In a blog post published ahead of the ongoing SIBEC conference in Spain, the Leisure Database Company director highlighted how most major businesses have set up ‘disruption’ teams looking at how new technology can change the face of delivery. Failure to do so, he says, means businesses risk seeing their value washed away by technological sea changes.
Minton cited the example of Weight Watchers, which this year saw its stock drop 92 per cent from its all-time, as weight loss apps and Youtube videos have eaten away at the company’s core offering.
Highlighting the rise of third-party booking platforms such as Uber, Airbnb and the fitness-focused ClassPass, Minton points out that these companies have succeeded by “developing a business plan which bypasses the industry and its providers and goes direct to the consumer.”
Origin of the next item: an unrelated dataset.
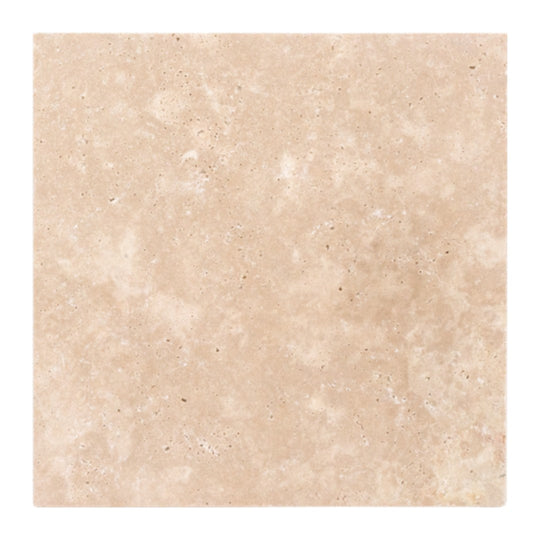Keystone 12" x 12" Extra Light Tumbled Travertine Tile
Minton calls for fitness businesses to open up their data platforms and give access to application program interfaces (APIs), so that developers can create new ways to bring fitness experiences to the consumer while involving the industry. He concedes this will require firms to to become more transparent with their business models, but says “that’s no bad thing” when it comes to working together for the sake of the industry.
“In 2016 we need a new organisation fighting for and concentrating on the fitness industry,” writes Minton. “If we don’t, then aggregators, bloggers, unboxing channels, trackers, wearables and an app for everything will win over the consumer.”
Minton’s words echo the thoughts of Les Mills UK chief executive Martin Franklin and global markets COO Keith Burnet, who recently told Health Club Management that a reluctance to ‘get digital’ and re-engineer a business towards innovation and experiences can prove fatal.
“It’s scary to think that a business can fall away so quickly, but these are the dangers if you fail to embrace digital,” said Burnet.